* **What is being asked**
Would you output the entries below only from the line containing "Langarm Jacke Damen" through the line containing "Audi A6 C6 2004-2011", exactly as they stand and with both ends included?

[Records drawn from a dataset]

....

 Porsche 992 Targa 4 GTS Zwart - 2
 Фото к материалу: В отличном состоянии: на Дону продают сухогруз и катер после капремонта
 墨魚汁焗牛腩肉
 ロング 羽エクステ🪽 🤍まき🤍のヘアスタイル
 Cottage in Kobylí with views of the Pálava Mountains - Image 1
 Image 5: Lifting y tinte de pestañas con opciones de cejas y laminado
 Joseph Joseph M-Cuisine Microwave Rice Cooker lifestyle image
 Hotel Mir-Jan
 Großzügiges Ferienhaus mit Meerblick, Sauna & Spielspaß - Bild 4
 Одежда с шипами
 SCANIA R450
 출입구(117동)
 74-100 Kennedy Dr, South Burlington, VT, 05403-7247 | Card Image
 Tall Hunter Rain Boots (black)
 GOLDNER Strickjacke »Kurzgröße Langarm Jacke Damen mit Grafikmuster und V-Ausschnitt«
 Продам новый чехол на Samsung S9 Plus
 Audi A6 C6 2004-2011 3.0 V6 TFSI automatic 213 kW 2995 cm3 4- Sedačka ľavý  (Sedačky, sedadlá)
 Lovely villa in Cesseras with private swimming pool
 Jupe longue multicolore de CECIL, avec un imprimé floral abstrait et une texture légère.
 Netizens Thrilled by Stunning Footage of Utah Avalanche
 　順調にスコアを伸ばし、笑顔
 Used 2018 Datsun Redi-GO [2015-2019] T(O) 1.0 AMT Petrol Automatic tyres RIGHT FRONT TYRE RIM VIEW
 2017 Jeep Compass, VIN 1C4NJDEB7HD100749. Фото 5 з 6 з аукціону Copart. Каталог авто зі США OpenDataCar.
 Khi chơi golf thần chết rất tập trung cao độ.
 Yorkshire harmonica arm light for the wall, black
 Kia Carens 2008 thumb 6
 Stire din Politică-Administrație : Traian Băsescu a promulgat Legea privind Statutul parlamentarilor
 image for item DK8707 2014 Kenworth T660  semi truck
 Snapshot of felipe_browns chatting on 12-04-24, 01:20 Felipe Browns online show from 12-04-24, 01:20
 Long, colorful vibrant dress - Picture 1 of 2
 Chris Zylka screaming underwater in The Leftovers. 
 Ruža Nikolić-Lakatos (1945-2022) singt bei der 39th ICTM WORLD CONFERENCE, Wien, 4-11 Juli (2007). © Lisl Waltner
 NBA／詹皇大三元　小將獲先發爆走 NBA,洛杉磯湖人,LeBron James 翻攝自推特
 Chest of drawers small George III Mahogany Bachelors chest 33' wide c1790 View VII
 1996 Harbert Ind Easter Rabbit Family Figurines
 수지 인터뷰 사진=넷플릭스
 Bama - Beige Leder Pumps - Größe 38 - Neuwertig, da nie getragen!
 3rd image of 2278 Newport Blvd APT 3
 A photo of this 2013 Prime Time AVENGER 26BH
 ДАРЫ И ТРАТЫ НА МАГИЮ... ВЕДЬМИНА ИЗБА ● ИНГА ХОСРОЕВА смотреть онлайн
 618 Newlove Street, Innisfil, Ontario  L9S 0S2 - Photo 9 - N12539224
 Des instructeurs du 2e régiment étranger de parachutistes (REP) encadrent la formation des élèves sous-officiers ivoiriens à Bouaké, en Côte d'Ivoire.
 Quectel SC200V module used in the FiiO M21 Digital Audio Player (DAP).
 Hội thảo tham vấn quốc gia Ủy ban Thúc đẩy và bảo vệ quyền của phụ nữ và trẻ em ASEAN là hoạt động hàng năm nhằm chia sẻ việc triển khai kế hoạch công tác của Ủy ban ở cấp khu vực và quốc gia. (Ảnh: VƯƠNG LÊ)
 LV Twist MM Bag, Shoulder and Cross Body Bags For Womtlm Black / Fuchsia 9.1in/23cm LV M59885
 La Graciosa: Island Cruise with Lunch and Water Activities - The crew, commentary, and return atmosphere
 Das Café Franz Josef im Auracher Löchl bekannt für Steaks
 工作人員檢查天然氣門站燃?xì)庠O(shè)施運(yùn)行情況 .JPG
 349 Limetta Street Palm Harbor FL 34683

....

* **Solution for this problem**
 GOLDNER Strickjacke »Kurzgröße Langarm Jacke Damen mit Grafikmuster und V-Ausschnitt«
 Продам новый чехол на Samsung S9 Plus
 Audi A6 C6 2004-2011 3.0 V6 TFSI automatic 213 kW 2995 cm3 4- Sedačka ľavý  (Sedačky, sedadlá)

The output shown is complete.